Man, I wish I lived closer to you guys!


----------



## blk88verde (Apr 30, 2011)

Two weeks to go!! Just a reminder-Watkins Glen opening weekend meet is April 18th. I need to confirm with Rob at the Glen before next weekend how many of will be on the track.


----------



## Tomko (Jun 1, 2013)

blk88verde said:


> Two weeks to go!! Just a reminder-Watkins Glen opening weekend meet is April 18th. I need to confirm with Rob at the Glen before next weekend how many of will be on the track.


I am rock solid on with my brother at the wheel of his CTS sport. 

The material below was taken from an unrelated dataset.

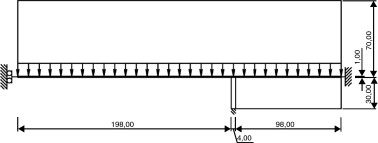 Esquema y dimensiones de puente colgante. Unidades en metros.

Also looking forward to the company of other members and that splendid pizza and onion rings at Jerlando's.


----------



## oilburner (Jun 13, 2013)

will be there for sure , staying in Niagara falls Friday nite.


----------



## blk88verde (Apr 30, 2011)

Excellent, looking forward to seeing everyone. We are (the BMW contingent) staying the Friday night in Elmira, approx. 30 mins from the Glen.


----------



## Tomko (Jun 1, 2013)

blk88verde said:


> Excellent, looking forward to seeing everyone. We are (the BMW contingent) staying the Friday night in Elmira, approx. 30 mins from the Glen.


I stayed once at the Country Inn and Suites in Elmira and was impressed. Really enjoyed their indoor swimming pool and fresh cookies too.


----------



## blk88verde (Apr 30, 2011)

> I stayed once at the Country Inn and Suites in Elmira and was impressed. Really enjoyed their indoor swimming pool and fresh cookies too.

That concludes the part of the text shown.